- Born: Yolanda Pérez Torres 16 February 1902 San Salvador de Jujuy, Argentina
- Died: 20 November 1968 (aged 66) Córdoba, Argentina
- Occupations: Pianist, hostess

= Yolanda Carenzo =

Argentine pianist (1902–1968)

Yolanda Pérez de Carenzo (16 February 1902 – 20 November 1968), known as La Niña Yolanda, was an Argentine pianist.

== Early life ==
Yolanda Pérez Torres was born in San Salvador de Jujuy, the daughter of Pedro José Pérez and María Teresa Torres Portillo. Her mother was born in Bolivia, and her father was governor of Jujuy Province.

== Career ==
Carenzo taught school as a young woman. In 1936 she gave a series of piano concerts for Radio Municipal de Buenos Aires. She held gatherings of artists, performers, and writers in her home in Lozano, including Agustín Lara, Narciso Yepes, Gabriela Mistral and Pablo Neruda among her guests.
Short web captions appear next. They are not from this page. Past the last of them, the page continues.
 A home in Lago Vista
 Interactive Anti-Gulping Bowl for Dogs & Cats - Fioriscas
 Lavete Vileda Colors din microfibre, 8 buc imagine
She sheltered musician and writer Atahualpa Yupanqui during the 1950s, when he was facing government persecution. Carenzo was considered one of the first women in her province to drive a car and to smoke in public.

Carenzo's close friends, Gustavo "Cuchi" Leguizamón and Manuel J. Castilla, wrote a popular song, "Zamba de Lozano", for her on the occasion of her fiftieth birthday. Argentine singer Mercedes Sosa recorded the song and sang it in concerts.
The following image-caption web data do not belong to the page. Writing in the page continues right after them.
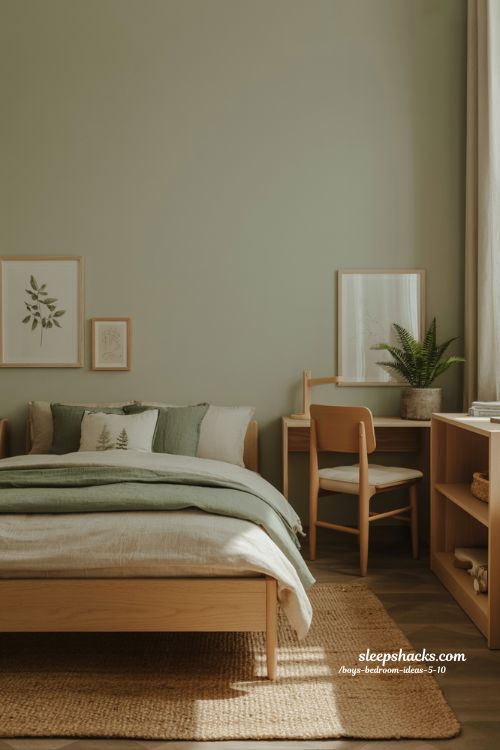 Nature Inspired Boys Bedroom Ideas 5 to 10 Calm and Peaceful Design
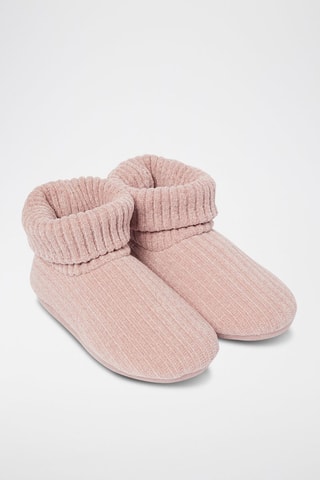 Pantoffels Mona Roze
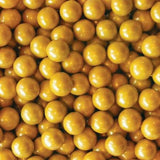 Gold Shimmer Sixlets - 12lb Bag CandyStore.com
== Personal life and legacy ==
Pérez married Luis Alberto Carenzo Bancalari (1896–1955) in 1922; they had four children together. She died in 1968, aged 66 years, in Córdoba. "La serenata a la Niña Yolanda", an annual music festival in her memory, has been held on her former estate, la Finca Carenzo, in Lozano, since it was originally organized by her son Marcelo Carenzo Pérez in 1995.